→ Work order: Transcribe the entries that follow exactly as they appear, minus pictures.

→ Captioned web image data:
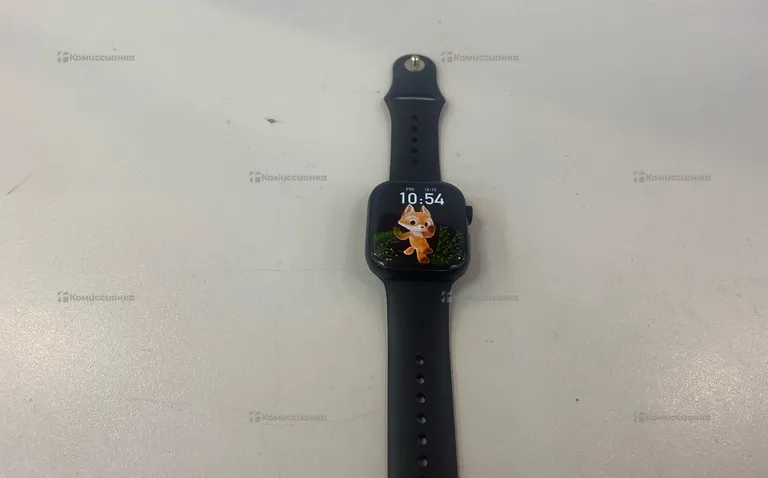 Часы  Watch 8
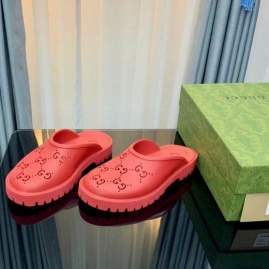 Picture of Gucci Shoes _SKUGGslip-onsandalsz35-45wqd011126310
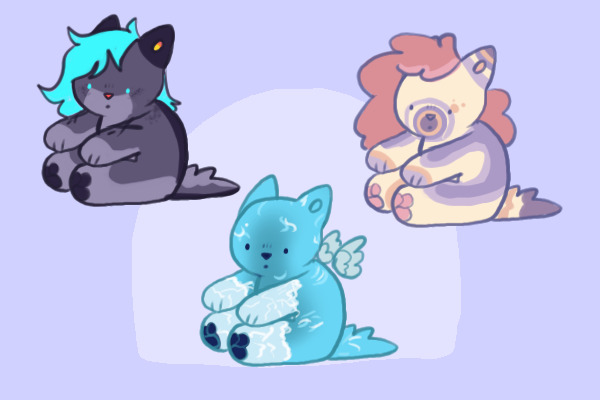this base is adorable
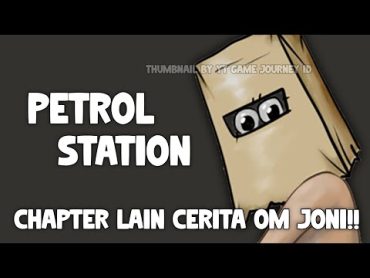 OHH TIDAK!! Om FucekMan Menemukan Cinta Sejatinya di Stasiun Patrol free Game Android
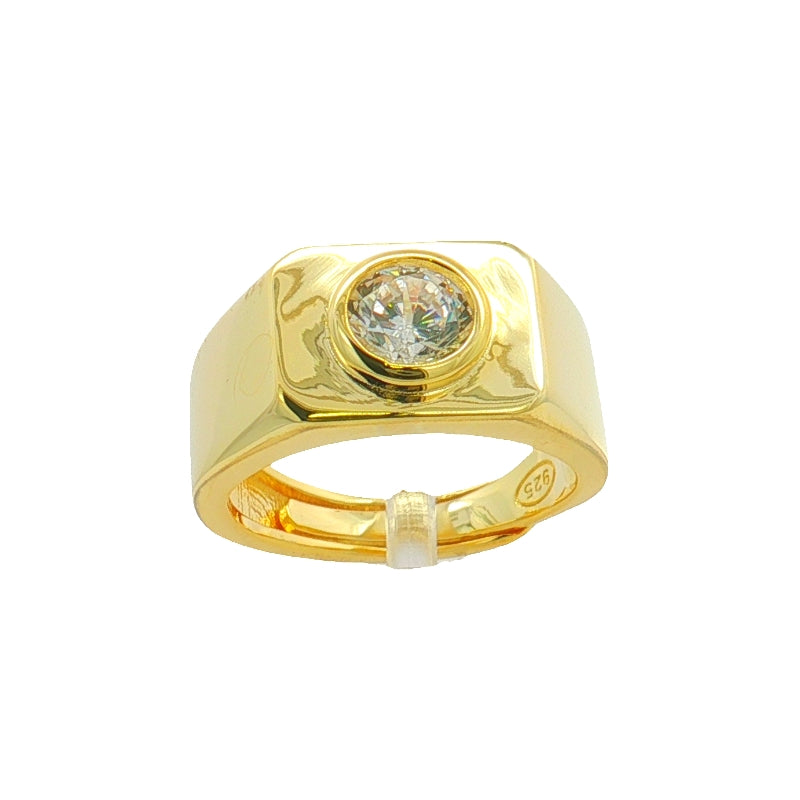 Anello Da Mignolo Valen - Anello Donna Argento 925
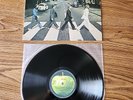 The Beatles 'Abbey Road' 1970 UK  Apple stereo (-2 -1) vinyl press w/ ex cond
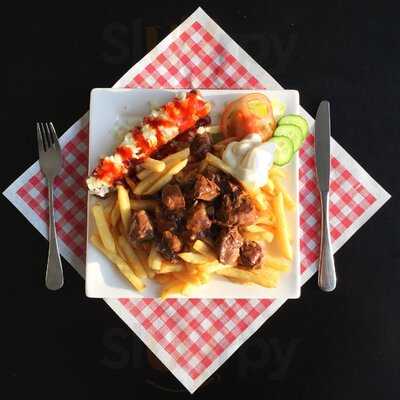 Frituur Conny En Franky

→ Answer:
 Часы  Watch 8
 Picture of Gucci Shoes _SKUGGslip-onsandalsz35-45wqd011126310
this base is adorable
 OHH TIDAK!! Om FucekMan Menemukan Cinta Sejatinya di Stasiun Patrol free Game Android
 Anello Da Mignolo Valen - Anello Donna Argento 925
 The Beatles 'Abbey Road' 1970 UK  Apple stereo (-2 -1) vinyl press w/ ex cond
 Frituur Conny En Franky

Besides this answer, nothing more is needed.